Add DataFrame level metadata #5117

freeformstu · 2022-10-05T19:20:00Z

Problem description

I would like to be able to track dataframe specific metadata through processing, serialization, and deserialization.

A common use case for dataframe metadata is to store data about how the dataframe was generated or metadata about the data contained within its columns.

Below are some examples of existing libraries and formats which have dataframe level metadata. I am definitely open to putting this metadata elsewhere if there's a better place for it.

Arrow

With PyArrow, you can add metadata to the Schema with with_metadata.
https://arrow.apache.org/docs/python/generated/pyarrow.Schema.html#pyarrow.Schema.with_metadata

IPC

Arrow's IPC format can store File level metadata.
https://arrow.apache.org/docs/format/Columnar.html#custom-application-metadata

Parquet

Parquet has File and Column level metadata. Metadata per column may be useful for some use cases, but for the purposes of this issue I'd like to scope the metadata to the file level.
https://parquet.apache.org/docs/file-format/metadata/

Avro

Avro supports file level metadata.
https://avro.apache.org/docs/1.11.1/specification/_print/#object-container-files

Pandas

Pandas has an attrs attribute for the same purpose.
https://pandas.pydata.org/pandas-docs/stable/reference/api/pandas.DataFrame.attrs.html

The text was updated successfully, but these errors were encountered:

kylebarron · 2022-10-07T04:09:34Z

This is something I've thought about a little for my geospatial use case, where it's helpful to be able to store extra (non-columnar) information along with the data, like its coordinate reference system information. In my case, I think I'd opt for arrow extension data type support (which allows for column-level metadata) instead of dataframe-level metadata, but I can see how that wouldn't fit every use case

ritchie46 · 2022-10-07T06:20:16Z

I think you should use a new-type pattern for this if you want the DataFrame to have some extra data.
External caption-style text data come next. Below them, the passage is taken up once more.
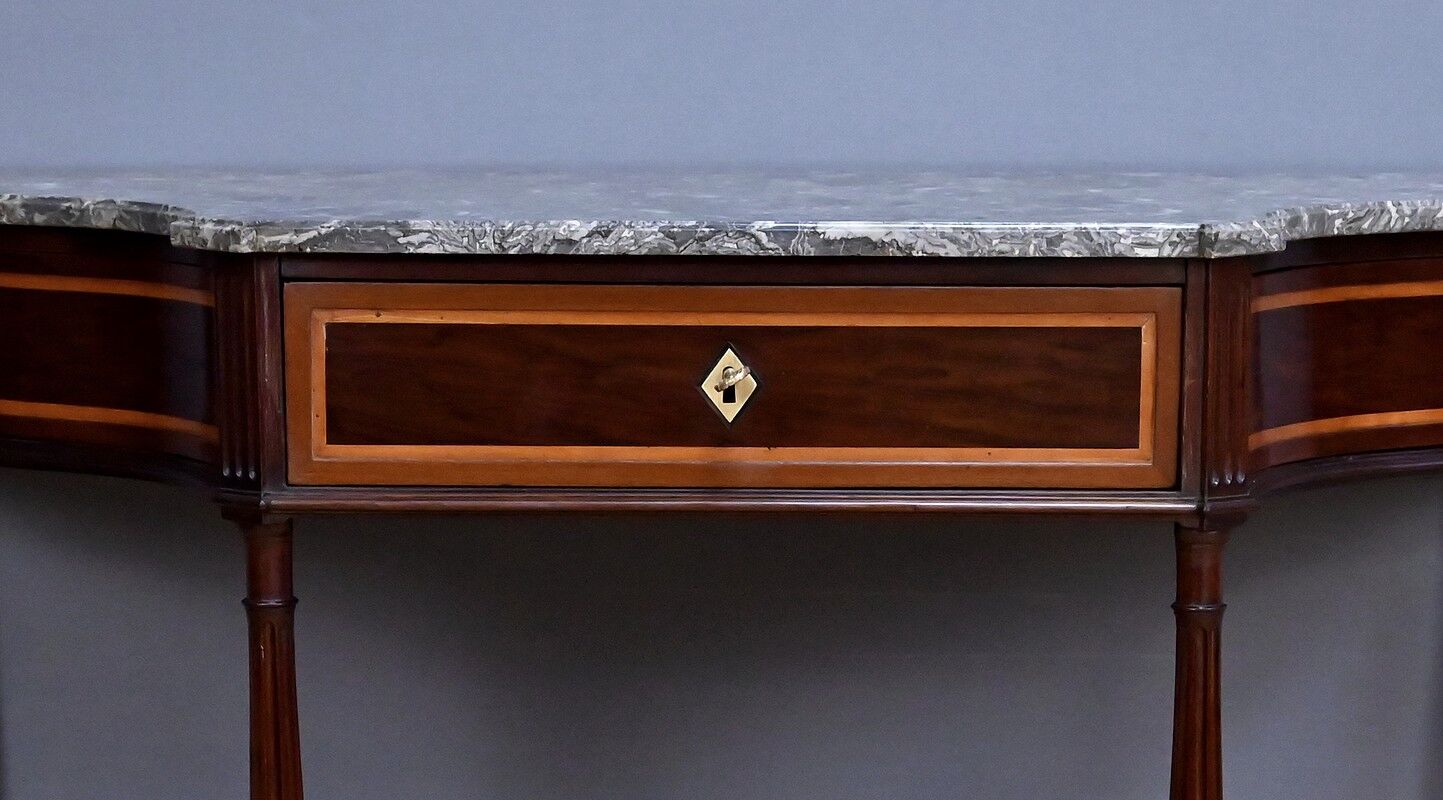 Console in mahogany and marble, Louis XVI period – late 18th century.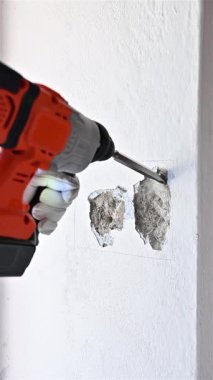 Yıkıcı çekiçli marangoz elektrikli paneli yerleştirmek için duvardaki boşluğu hazırlıyor. Koruyucu eldivenlerle dikkatli çalışın. İnşaat endüstrisi. Görüntüler yavaş çekim.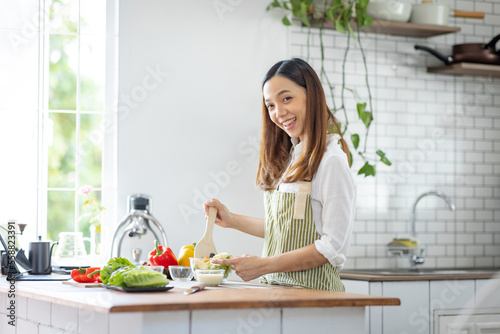 Portrait of attractive asian japanese woman in kitchen at home  young girl browsing website on tutor cooking class and doing for kitchen  cutting vegetables  cooking  cooking concept.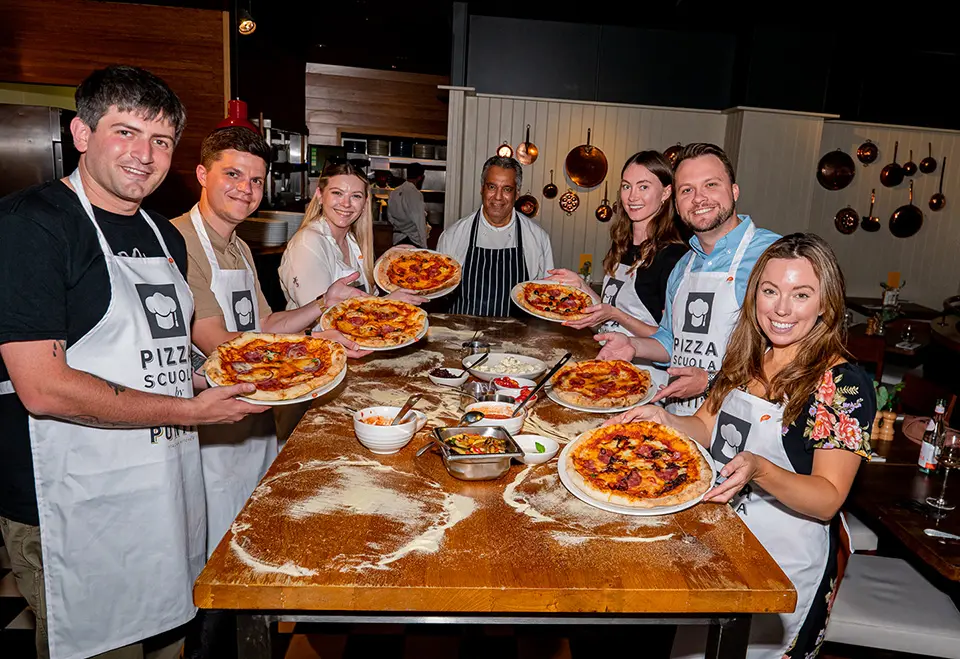 Students creating homemade pizza's from Pizza Scuola, Ponti's Oxford Circus, London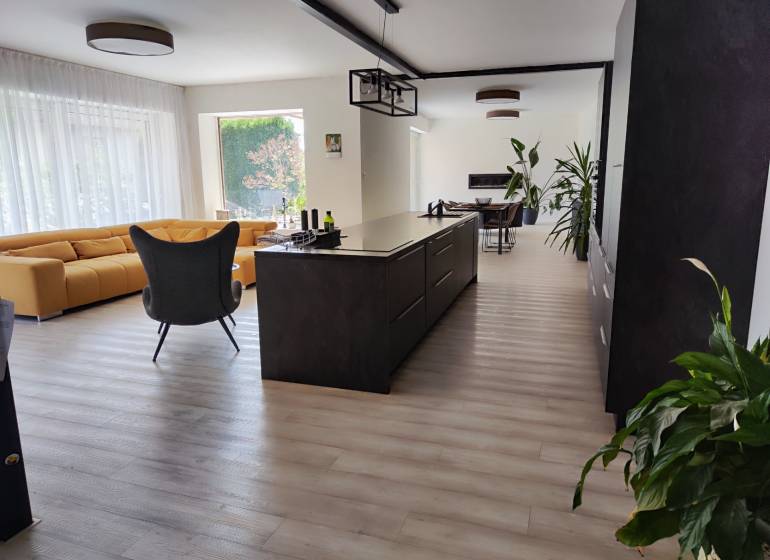 Konyha és nappali családi házban szigettel, sárga kanapéval és fa mintás padlóval.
With regard to extension types. This is something we want to support. We first need FixedSizeList and then we can work on extension types.

universalmind303 · 2022-10-07T15:27:10Z

I think it could make a lot of sense to store some metadata on the schema itself. arrow2 is already doing this. I can think of many scenarios it could be used. For example, with the new binary dtype, it would be helpful to store some metadata about the encoding of the binary data.

markdoerr · 2023-07-02T10:30:37Z

I am also looking for a persitant way to store additional metadata to polar columns, like @freeformstu suggested.
This will be very useful, if one wants to store semantic information, e.g. for machine learning purposes, to a colum. A IRI to an ontology would enable to autonomously interpret the data in a desired way. AI/ML algorithms will "understand" the meaning of a certain datacolumn, e.g. Column "time" -> "EMMO:time" (once one makes a connection to an ontology, a lot of information, like units, relations, etc. can be extracted. I hope this example makes it very clear, why metadata is need (it would be also sad to lose information coming from parquet or pyarrow to polars).

Insighttful · 2024-02-02T17:53:56Z

@freeformstu I think you could just accomplish this by subclassing the polars.DataFrame type as a MetaDataFrame and using a SimpleNamespace for the meta so you retain the dot accessor access?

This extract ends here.